Structure of ESG in Incentive Plans

Of the S&P 500 companies with ESG metrics in incentive plans (348 of the 500), nearly all (98%) incorporate metrics into their annual incentive plans (AIP). Conversely, ESG metrics in long term incentive plans (LTIP) are still relatively uncommon (14% of the same group) but growing in prevalence. We expect that this dichotomy is primarily because this is a new area of measurement for incentive plans and companies are still learning what works and what doesn’t. Equity incentives also have more accounting complexity, and for ESG metrics, many companies shy away from the type of formulaic goals needed to ensure fixed accounting.

The most prevalent structure is to include ESG metrics as part of a scorecard (41%). A scorecard approach allows companies to designate a certain percentage of an incentive plan to a group of two or more metrics, which may include strategic or operational goals in addition to ESG. The scorecard provides Committees more discretion to assess performance and to update goals and priorities each year without adjusting the fundamental incentive plan design.

Discrete, weighted metrics, where each metric has a specific goal and a designated weighting, are often the most impactful design elements in incentive plans. This structure is used by 23% of S&P 500 companies with ESG metrics in incentives and is primarily used for metrics that are operationally focused, as opposed to sustainability oriented. We expect that this trend is driven by the longer experience with these metrics and relative ease of goal setting.

Metric Categories

As we’ve historically discussed, ESG covers a broad spectrum of both operational and sustainability issues. Increasingly, investors are focused primarily on social and environmental sustainability measures. We’ve grouped the primary ESG measures into three categories to align with how investors and companies generally view ESG dimensions: Human Capital Management (HCM), Environmental, and Other ESG.
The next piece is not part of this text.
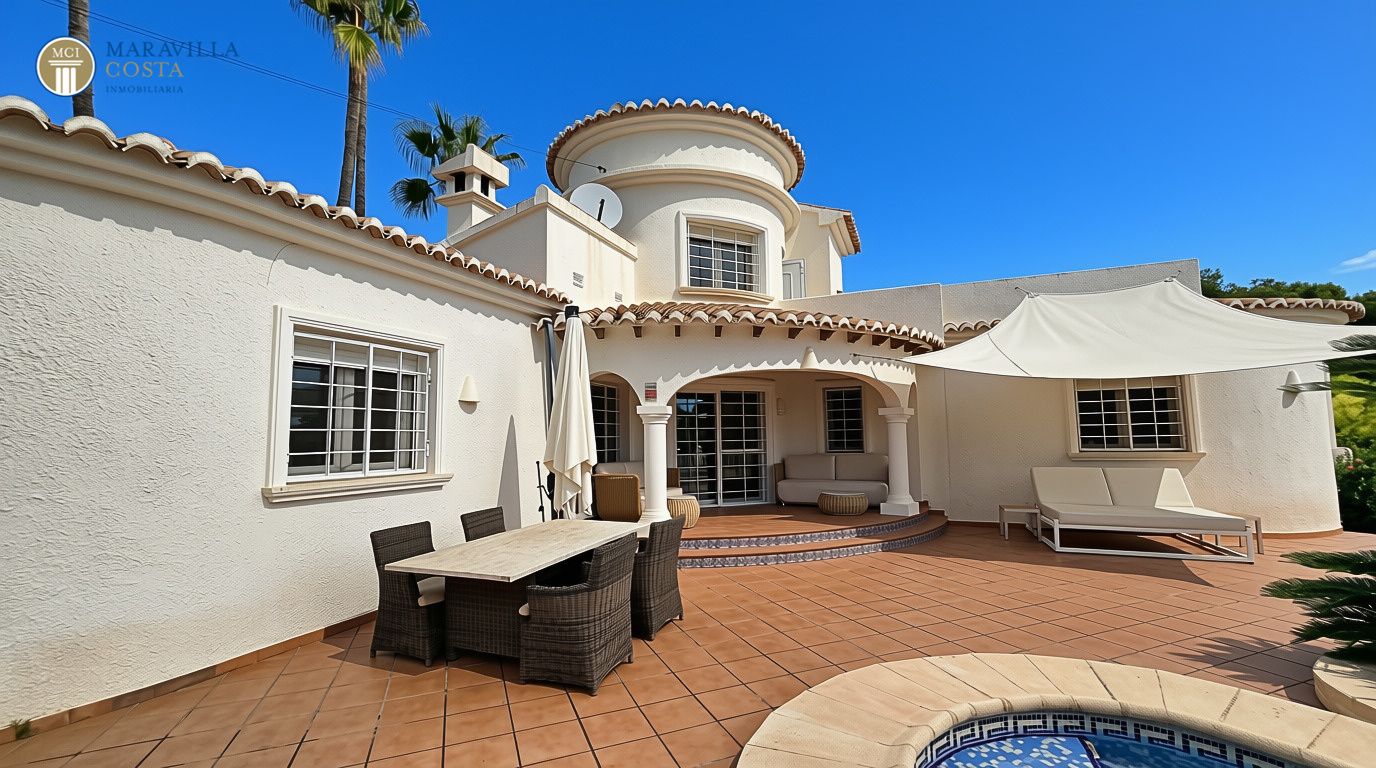 Stylish villa with sea views, guest house, and private pool area in Jávea.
We found that 70% of the S&P 500 included ESG metrics in either their annual or long term incentive plan this year. Moreover, nearly half (45%) of S&P 500 companies include metrics from two or more ESG categories in their incentive design plans.
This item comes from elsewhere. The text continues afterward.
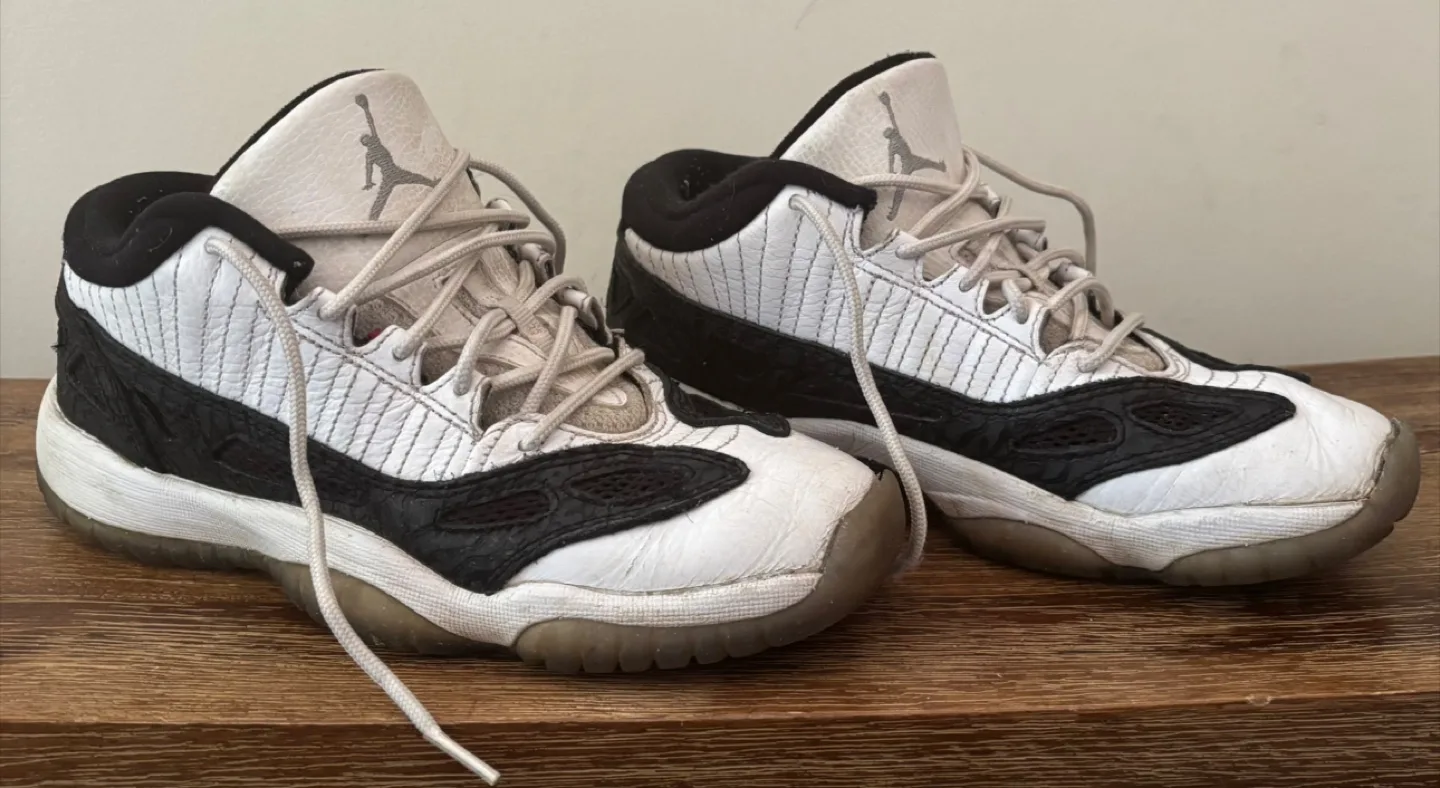 RARE Air Jordan 11 Retro Low IE White/Black, YOUTH US 5.5 thumbnail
Also of note, 65% of S&P 500 companies have adopted HCM metrics, which demonstrates that nearly all companies that have included ESG metrics have specifically included HCM metrics.

Metric Prevalence

Overall, HCM is the most prominent category of metrics, with 65% of the S&P 500 incorporating these considerations into incentive plans. This aligns with broader market talent related challenges that many companies are experiencing, including the highly competitive market for talent.
Consistent with prior years, environmental metrics are the least prevalent ESG category considered in only 23% of S&P 500 compensation plans; however, this is a 64% increase from 14% of S&P 500 companies last year.
Other ESG metrics consist of operational, consumer focused, and broader social measures and represents the second most prominent category, with 41% of the S&P 500 implementing these measures.

Human Capital Management Metrics

HCM is the most prominent category of ESG metrics, with 65% of the S&P 500 considering these metrics in executive incentive plans. All HCM metric categories increase substantially in prevalence year over year. We expect that this increase is driven by stakeholder focus on talent related issues, intense competition for talent, and the growing knowledge of how to measure and assess HCM performance.

Consistent with last year, D&I is both the most prevalent metric within HCM and overall ESG, and the metric that experienced the second highest year over year increase in prevalence (behind Carbon Footprint). D&I is considered in incentive plans at 46% of all S&P 500 companies, which represents a 64% increase when compared to last year’s 28% prevalence.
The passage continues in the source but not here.